If you are a Business Associate (BA ):

  • Revise your form BA Agreement to include new provisions required under the Omnibus Rule.
  • Revise your form Subcontractor BA Agreement to include new provisions required under the Omnibus Rule.
  • Review BA Agreements already signed and prepare an amendment to include new provisions required under the Omnibus Rule.
  • Review Subcontractor BA Agreements already signed and prepare an amendment to include new provisions required under the Omnibus Rule.
  • Develop or revise HIPAA Privacy policies and procedures, including HIPAA rules newly applicable to BAs.
  • Develop or revise HIPAA Security policies and procedures, including HIPAA rules newly applicable to BAs.
  • Revise breach notification policies and procedures in light of the new definition of breach and the new requirements and procedures for performing a risk assessment. 
  • Update HIPAA and breach notification training.
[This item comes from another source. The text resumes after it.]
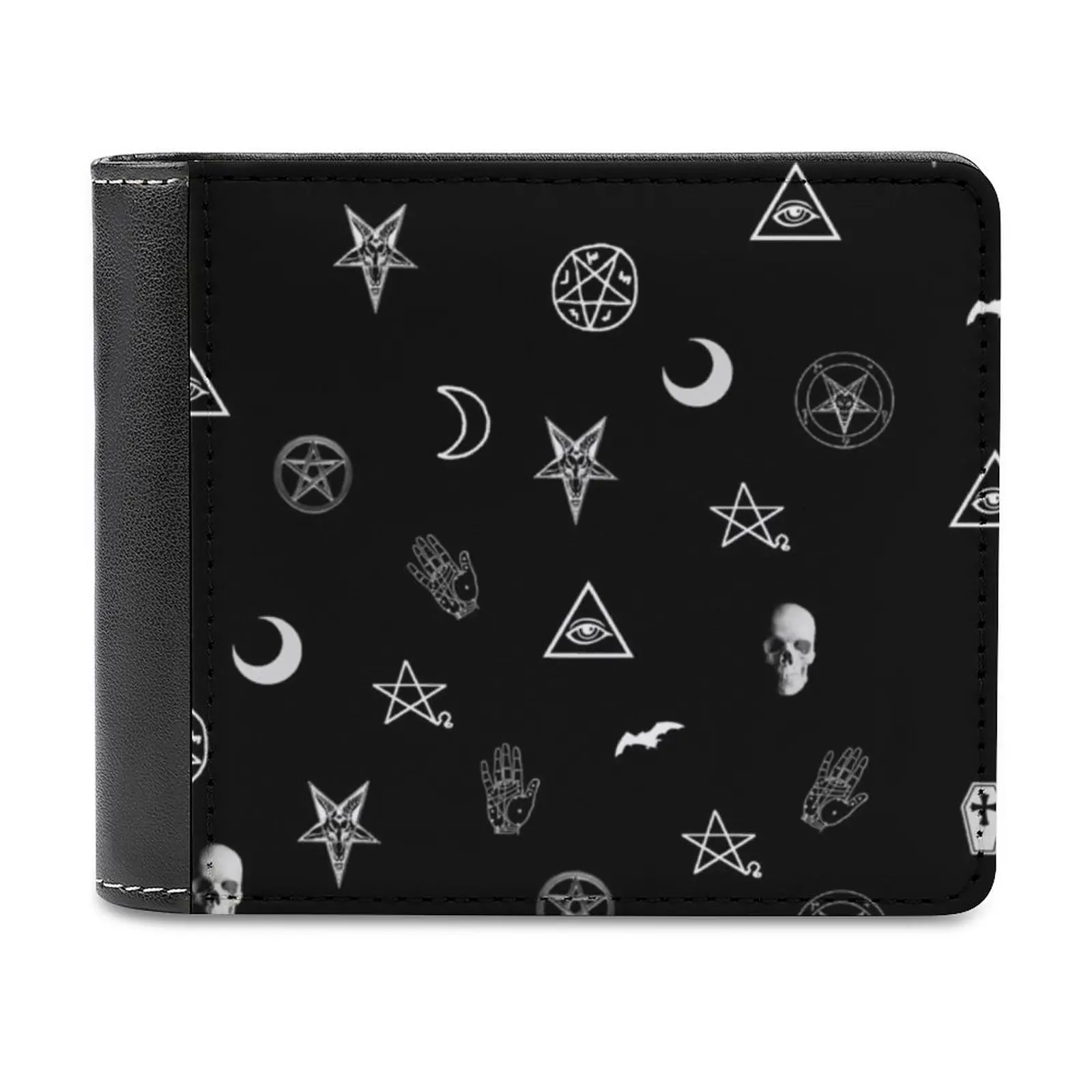 Goth Pattern Leather Wallet Men's Wallet Purse Money Clips Goth Gothic Witch Pattern Witches Wicca Pagan Baphomet Raven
If you are a Subcontractor Business Associate (Sub BA ):

  • Confirm whether you meet the definition of a Sub BA; if so, you are now included in the definition of a Business Associate unless another exception applies.
  • Revise your form Sub BA Agreement to include new provisions required under the Omnibus Rule.
  • Consider whether to amend Sub BA Agreements already signed.
  • Develop or update HIPAA Privacy policies and procedures to include new requirements under the Omnibus Rule.
  • Develop or update HIPAA Security policies and procedures to include new requirements under the Omnibus Rule.
  • Develop or update breach notification policies and procedures in light of the new definition of breach and new requirements and procedures for performing a risk assessment.
  • Provide HIPAA and breach notification training.

If you are not sure whether you are a Covered Entity, BA or Sub BA :

  • Consult legal counsel to determine if you fit any of these definitions under HIPAA.
  • Determine if an established exception, such as the conduit exception, might apply to you.
  • If you are a Patient Safety Organization, Health Information Organization, e-prescribing gateway, or a personal health record vendor, or if you provide data transmission services or facilitate access to a covered entity’s records, you should confirm HIPAA’s applicability to you and institute the steps needed for HIPAA compliance.
  • Once your status is confirmed, refer to the above checklist applicable to you to get started.